Besides, what’s wrong with how they look now? I know some people are getting bent out of shape about how big they are on the landscape, but I personally find them very beautiful forms. Simple, clean. Its like watching a fish tank.

mature science has a tendancy to be that way.

Oh come on, placement is going to be where it produces the highest net return this is a ENERGY BUISNESS not perfume bottles. Will designers have a impact, nope, sorry, aint going to happen. Think it through with out the rosy glasses, lets just say there is a premo spot for these and the local gov says “no way not unless they look like them dutch ones” and the utility will say “nope, to do so will cost 40% of its eff, and there by 40% of what your getting poured into your tax coffers”. Now unless its someplace like Pebble beach or in the hamptons the $ will win out. If it is in Pebble or the hamptons one of the locals will grease the plams of the locals and put them up as a way of showing how “democratic” and “responsible” they are.

I would go for it, but broaden your scope.

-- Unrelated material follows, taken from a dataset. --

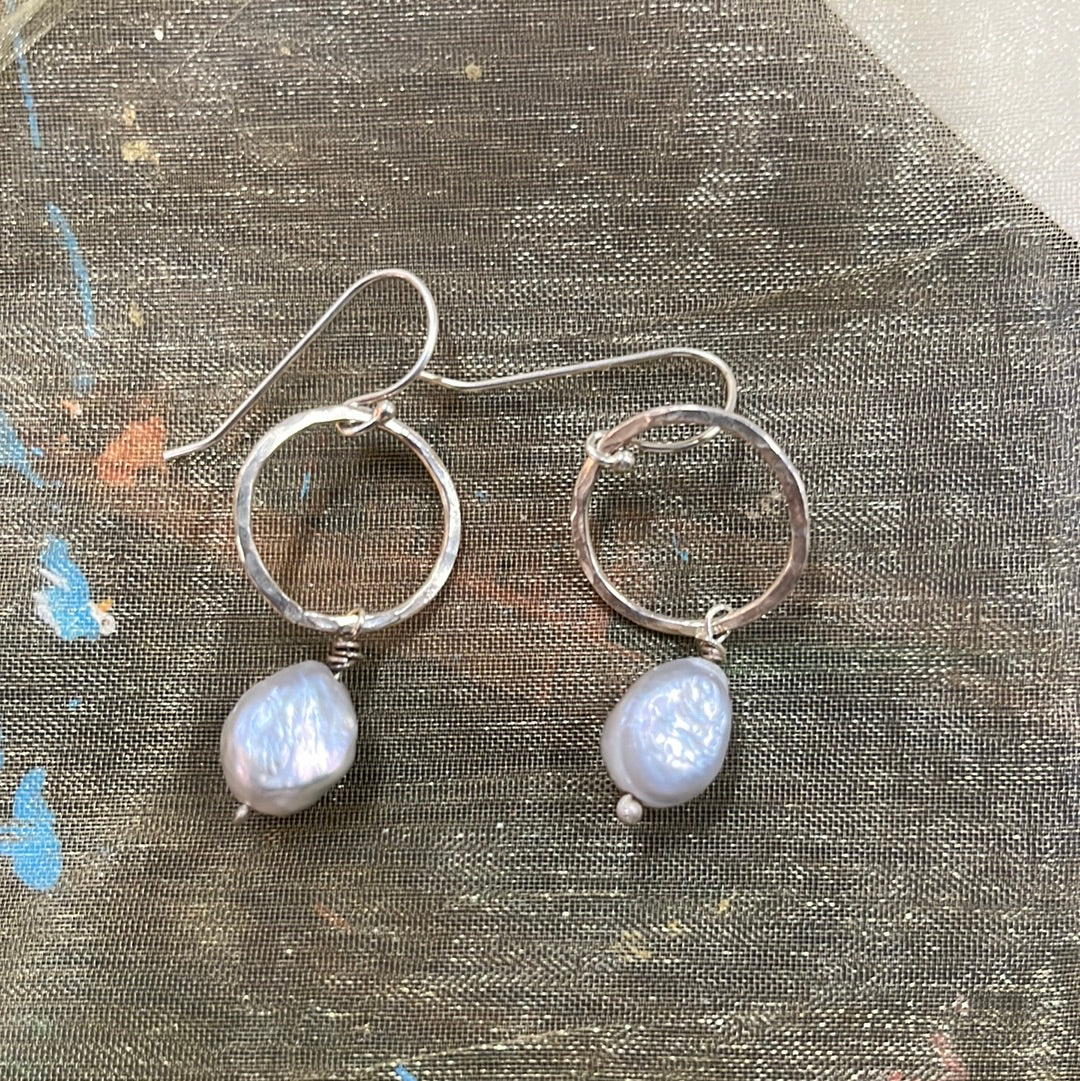 Sterling w/freshwater pearl earring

As others have said, state of the art windmills are primarily a product of a ton o’engineering. Somehow a lot of them look pretty cool.

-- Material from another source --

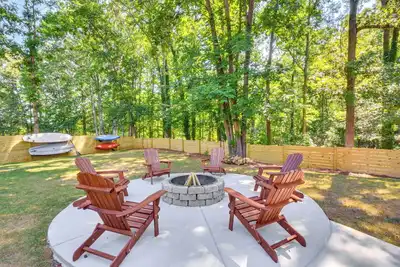 Image de Anderson Retreat: Private Hot Tub & Kayaks!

What if you thought about ways to integrate the ‘state of the art’ in windmill technology into neat ways that better the environment and keep the NIMBY’s at bay?

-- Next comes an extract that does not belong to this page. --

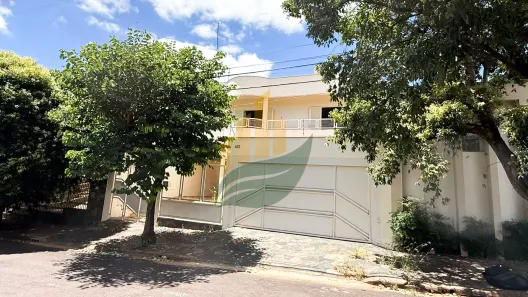 Sobrado com 3 Quartos à venda, 300m² no Jardim Sumaré, Araçatuba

You might be able to come up with different concepts for different regions… say coastal, mountainous, desert… etc. This is a bad example, but the cell towers that look like gigantic pine trees are at the very least an attempt to integrate something really big and out-of-place into the surroundings.

What if there were enough windmills in CA to generate some juice, then turn 180 degrees to slow the wind and help control forest fires (i know, i know…)? Someone else mentioned telescoping towers… that’s neat… what if a coastal windmill could drop into the sea and produce tidal energy when the winds were bad.

Rambling…

This is YOUR thesis project. Do what ever you want, have fun with it, and do it well.

Good Luck!

J

Can someone with more engineering knowledge explain why a squirrel fan design for the blades isn’t used over the current system?
The only reason I can come up with is decreased efficiency and problems relating to the side vent, but you can dress them up more since the outside isn’t as important

So-called squirrel cage fans are often used in pumps because they not only move lots of air but turn the flow sideways. For a driven version, you see them a lot in turbochargers and in hydroelectrics. The real problem is making them big enough to stand in the wind. To do that, you’d need a structure as big as the swept area of the typical windmill. And then the turbine has to spin inside it. The civils have enough trouble just engineering bridges…

:)ensen.

how ironic you mention bridges on a topic to discuss energy derived by wind power:

For the past thousand years, wind power has centered around rotation. Rotating dutch wind mills for pounding grain, rotating sail designs for pumping water, and most recently rotating turbine-based generators for creating electricity. These approaches work fine for the macro-applications for which they were originally designed. However, on the small scale, rotating systems have big problems. Efficiency losses in gear boxes, decreased efficiency of miniaturized airfoils, the need for specialized bearings to reduce wear…all lead to system failure in hours, 1% efficiencies, and the need for hurricane speed winds.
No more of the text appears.